The storage 514 may include, but not limited to, magnetic disks, magnetic tapes, CD-ROMs, CD-RWs, DVDs, flash drives or any other medium which can be used to store information and can be accessed by the computer system 502. In various embodiments of the present invention, the storage 514 contains program instructions for implementing the described embodiments.
The present invention may suitably be embodied as a computer program product for use with the computer system 502. The method described herein is typically implemented as a computer program product, comprising a set of program instructions which is executed by the computer system 502 or any other similar device. The set of program instructions may be a series of computer readable codes stored on a tangible medium, such as a computer readable storage medium (storage 514), for example, diskette, CD-ROM, ROM, flash drives or hard disk, or transmittable to the computer system 502, via a modem or other interface device, over either a tangible medium, including but not limited to optical or analogue communications channel(s) 508. The implementation of the invention as a computer program product may be in an intangible form using wireless techniques, including but not limited to microwave, infrared, bluetooth or other transmission techniques.
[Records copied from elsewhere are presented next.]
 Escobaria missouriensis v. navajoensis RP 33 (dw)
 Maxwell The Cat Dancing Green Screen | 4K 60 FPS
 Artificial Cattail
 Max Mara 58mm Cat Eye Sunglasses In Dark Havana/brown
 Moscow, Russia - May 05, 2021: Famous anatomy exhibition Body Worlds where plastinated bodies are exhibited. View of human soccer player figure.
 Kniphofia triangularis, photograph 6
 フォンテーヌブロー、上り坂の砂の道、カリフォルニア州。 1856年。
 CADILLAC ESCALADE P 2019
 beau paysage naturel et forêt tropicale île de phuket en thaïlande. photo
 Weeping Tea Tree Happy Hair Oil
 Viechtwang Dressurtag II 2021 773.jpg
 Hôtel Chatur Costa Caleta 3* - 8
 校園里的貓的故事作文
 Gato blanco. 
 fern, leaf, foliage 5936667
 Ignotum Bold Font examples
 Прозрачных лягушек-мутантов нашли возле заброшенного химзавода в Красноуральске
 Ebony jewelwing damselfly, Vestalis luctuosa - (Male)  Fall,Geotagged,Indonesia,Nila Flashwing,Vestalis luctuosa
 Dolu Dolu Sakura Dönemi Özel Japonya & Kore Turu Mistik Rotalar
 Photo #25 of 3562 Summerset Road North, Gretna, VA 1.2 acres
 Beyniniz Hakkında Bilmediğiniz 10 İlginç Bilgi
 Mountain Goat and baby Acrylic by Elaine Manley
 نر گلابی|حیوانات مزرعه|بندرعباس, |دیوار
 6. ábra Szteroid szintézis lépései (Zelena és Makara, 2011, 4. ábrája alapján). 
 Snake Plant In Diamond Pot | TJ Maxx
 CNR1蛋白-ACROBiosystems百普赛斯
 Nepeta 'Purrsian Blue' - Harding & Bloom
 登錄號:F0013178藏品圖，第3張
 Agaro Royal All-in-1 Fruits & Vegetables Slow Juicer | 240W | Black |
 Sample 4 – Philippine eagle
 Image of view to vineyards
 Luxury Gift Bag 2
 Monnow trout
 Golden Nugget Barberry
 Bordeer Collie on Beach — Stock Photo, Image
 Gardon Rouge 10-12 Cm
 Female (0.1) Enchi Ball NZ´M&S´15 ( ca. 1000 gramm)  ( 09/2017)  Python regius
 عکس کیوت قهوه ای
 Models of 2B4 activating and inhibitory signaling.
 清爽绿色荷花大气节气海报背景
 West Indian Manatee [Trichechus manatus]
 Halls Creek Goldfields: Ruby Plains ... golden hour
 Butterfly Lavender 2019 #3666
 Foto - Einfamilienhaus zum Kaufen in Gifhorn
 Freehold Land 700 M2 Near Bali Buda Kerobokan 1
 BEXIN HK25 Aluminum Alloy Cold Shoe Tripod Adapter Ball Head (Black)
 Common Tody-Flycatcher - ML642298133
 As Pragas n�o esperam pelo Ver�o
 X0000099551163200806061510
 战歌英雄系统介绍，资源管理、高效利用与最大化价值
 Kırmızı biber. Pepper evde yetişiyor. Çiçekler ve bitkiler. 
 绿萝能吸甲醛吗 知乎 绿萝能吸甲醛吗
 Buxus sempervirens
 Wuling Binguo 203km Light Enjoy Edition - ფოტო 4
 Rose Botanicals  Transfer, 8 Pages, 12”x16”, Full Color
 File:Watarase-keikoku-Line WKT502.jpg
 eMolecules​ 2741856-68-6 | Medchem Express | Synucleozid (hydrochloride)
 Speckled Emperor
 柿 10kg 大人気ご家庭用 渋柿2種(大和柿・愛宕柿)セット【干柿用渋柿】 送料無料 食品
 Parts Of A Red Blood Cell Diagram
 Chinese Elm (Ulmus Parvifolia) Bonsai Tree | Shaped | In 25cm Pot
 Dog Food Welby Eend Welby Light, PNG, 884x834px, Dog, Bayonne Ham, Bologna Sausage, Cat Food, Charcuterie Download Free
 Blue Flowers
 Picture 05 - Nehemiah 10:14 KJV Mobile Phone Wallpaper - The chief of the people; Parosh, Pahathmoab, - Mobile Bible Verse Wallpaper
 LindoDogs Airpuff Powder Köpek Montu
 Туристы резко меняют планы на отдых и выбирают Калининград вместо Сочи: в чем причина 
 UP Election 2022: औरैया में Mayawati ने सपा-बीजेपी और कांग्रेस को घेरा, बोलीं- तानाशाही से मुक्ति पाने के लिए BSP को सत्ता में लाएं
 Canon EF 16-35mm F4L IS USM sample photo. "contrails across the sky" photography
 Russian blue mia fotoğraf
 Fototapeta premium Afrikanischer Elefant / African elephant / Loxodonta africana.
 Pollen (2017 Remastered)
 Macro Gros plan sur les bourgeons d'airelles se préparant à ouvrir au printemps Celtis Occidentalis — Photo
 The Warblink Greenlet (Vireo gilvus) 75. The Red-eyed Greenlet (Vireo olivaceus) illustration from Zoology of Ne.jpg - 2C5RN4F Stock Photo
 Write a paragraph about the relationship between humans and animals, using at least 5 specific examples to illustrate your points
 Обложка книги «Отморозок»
These instructions can be preloaded into a system or recorded on a storage medium such as a CD-ROM, or made available for downloading over a network such as the internet or a mobile telephone network. The series of computer readable instructions may embody all or part of the functionality previously described herein.
The present invention may be implemented in numerous ways including as an apparatus, method, or a computer program product such as a computer readable storage medium or a computer network wherein programming instructions are communicated from a remote location.
While the exemplary embodiments of the present invention are described and illustrated herein, it will be appreciated that they are merely illustrative. It will be understood by those skilled in the art that various modifications in form and detail may be made therein without departing from or offending the spirit and scope of the invention as defined by the appended claims.

Claims

We claim:

1. A system for automatically extracting and analyzing data from one or more data sources, the system comprising:

a platform manager configured to provide one or more options for configuring one or more rules for data extraction;

a web scraping and crawling module configured to extract data from one or more data sources by executing one or more data extraction jobs using the one or more configured rules;

an information extraction engine configured to:

analyze the extracted data by performing one or more analytical operations, decipher the analyzed data using pre-stored vocabularies and classify the deciphered data; and

convert at least one of: the analyzed data, the deciphered data and the classified data to one or more formats for use by at least one of: one or more enterprise applications, enterprise portals and one or more communication channels.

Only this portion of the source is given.